Sabit kur rejimi… Sabit döviz kuru, bir hükümet veya merkez bankası tarafından ülkenin resmi döviz kurunu başka bir ülkenin para birimine veya altın fiyatına bağlayan bir rejimdir. Sabit döviz kuru sisteminin amacı, bir para biriminin değerini dar bir bant içinde tutmaktır. Ölçülen bu değerler yükselip alçaldıkça bunlara bağlı yerel para biriminin değeri de değişmektedir. Döviz kurunun üst veya alt sınır çizgisini aşması durumunda kura müdahale edilir. Sabit döviz kuru uygulaması için ülke döviz rezervlerinin yeterli düzeyde olması ve sürekli dış finansmandan sağlanması gerekmektedir.
Devalüasyon… Merkez bankası döviz kuruna müdahale edecek yeterli dövize sahip değilse, döviz kurunu yükseltir, yani ulusal paranın değerini düşürür. Sistemin bu olumsuz özelliğinin yanı sıra enflasyona bağlı olarak dış ödeme dengesizliklerinin oluşması da sistemin bir diğer olumsuz yönüdür.

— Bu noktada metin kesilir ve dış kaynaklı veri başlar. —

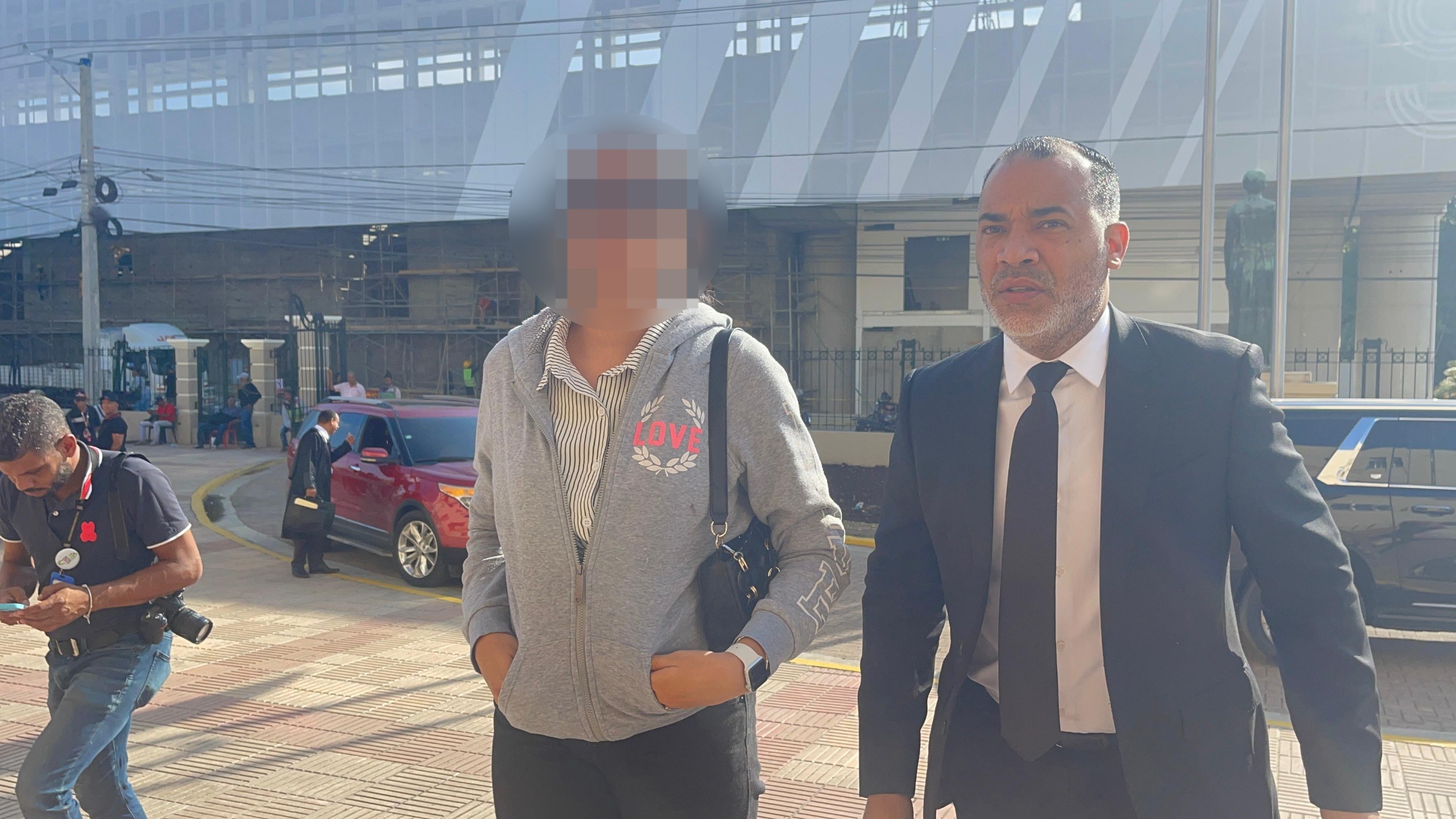 Abogado Martínez Brito traslada a Génesis Peña al Palacio de Justicia joven abusada en Villa González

Bu tipik krizlerden biri Sri Lanka’da yaşanıyor. Birçok bakanın ardından merkez bankası başkanı da istifa etmiş durumda. Ülkede son yaşanan döviz krizi ve yüksek fiyatlardan kaynaklı temel ihtiyaç maddelerine erişim sorunu toplumsal olaylara da sebebiyet verdi. Ülke, dış yardıma ihtiyaç duyuyor.
Mısır da un, mercimek ve buğday gibi temel gıda maddelerinin ihracatını üç ay süreyle yasakladı. Ülke, buğday ithalatçısı ve yüksek fiyatlardan kaçınmak için tahıl ve ekmek sübvansiyon programı uyguluyor. Döviz krizi ve yüksek enflasyon etkisi yoğunlaşırken sübvansiyonların sürdürülmesi zor.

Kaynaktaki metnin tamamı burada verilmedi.